TASK TO CARRY OUT :: Make an exact copy, from the records below, of the lines from the line containing "Blusa Mujer Manga" to the line containing "Wild Glow Overnight", both lines included, excluding pictures.

THE DATA ::
↓

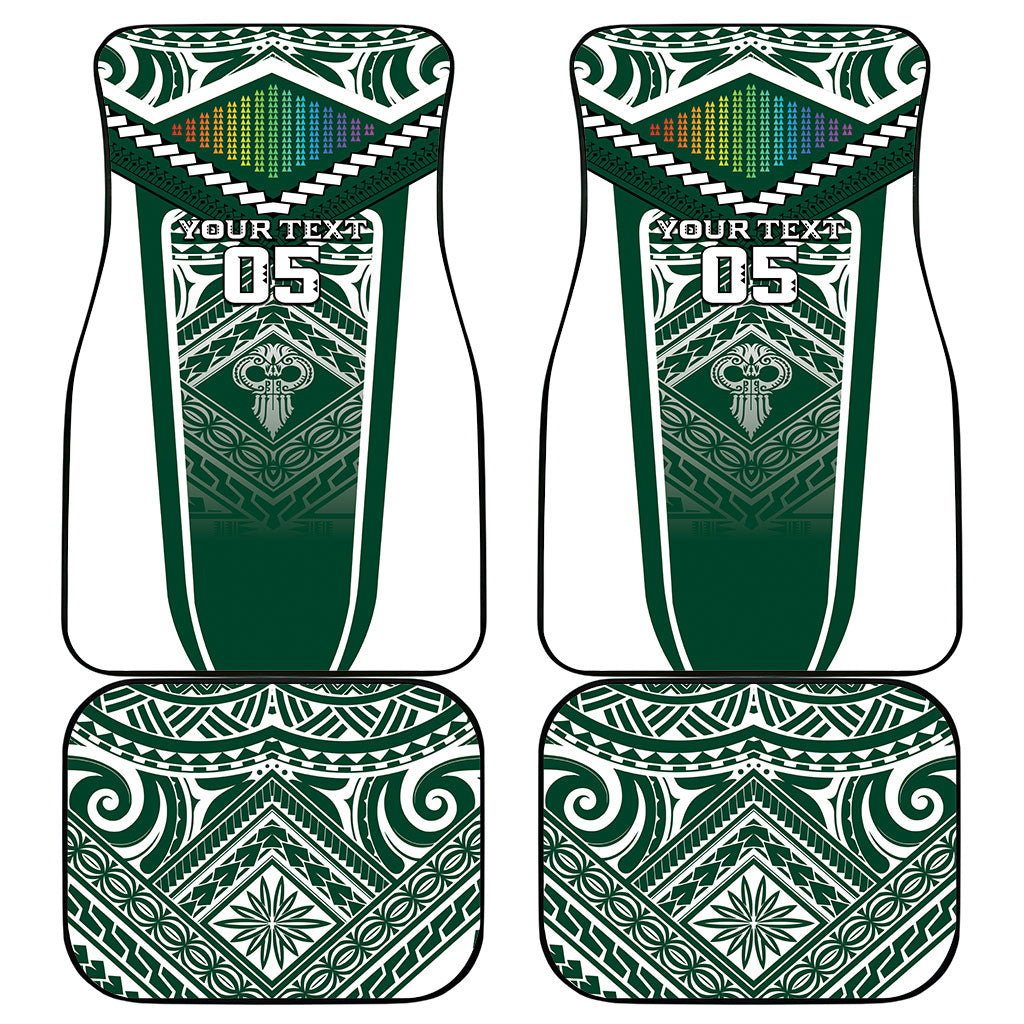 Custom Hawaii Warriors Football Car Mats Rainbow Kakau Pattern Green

↑
↓

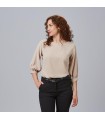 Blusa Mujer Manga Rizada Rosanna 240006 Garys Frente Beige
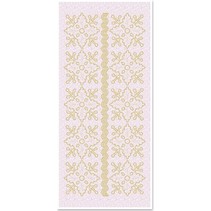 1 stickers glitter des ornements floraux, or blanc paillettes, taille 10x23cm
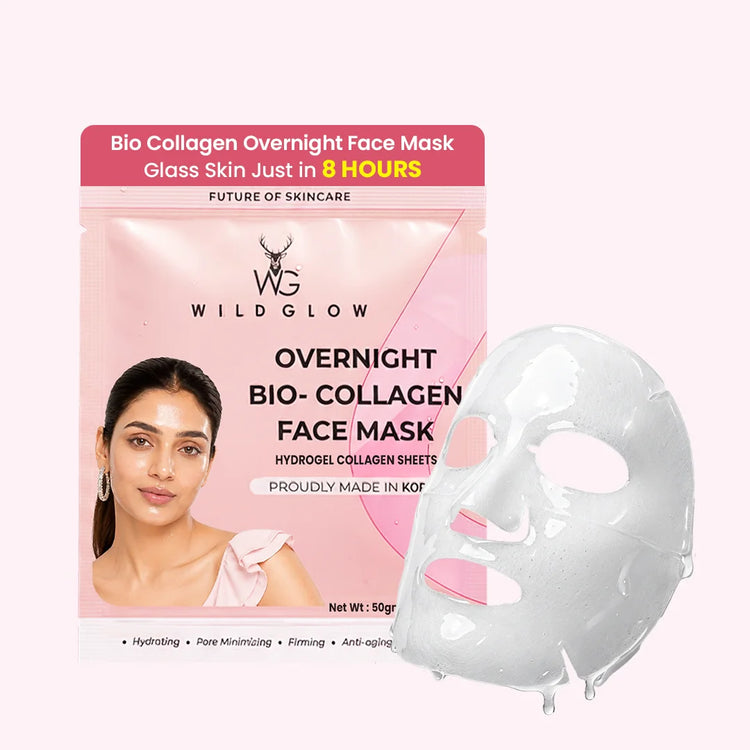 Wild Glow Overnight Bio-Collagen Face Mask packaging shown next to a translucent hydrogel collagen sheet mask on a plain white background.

↑

SOLUTION ::
 Blusa Mujer Manga Rizada Rosanna 240006 Garys Frente Beige
 1 stickers glitter des ornements floraux, or blanc paillettes, taille 10x23cm
 Wild Glow Overnight Bio-Collagen Face Mask packaging shown next to a translucent hydrogel collagen sheet mask on a plain white background.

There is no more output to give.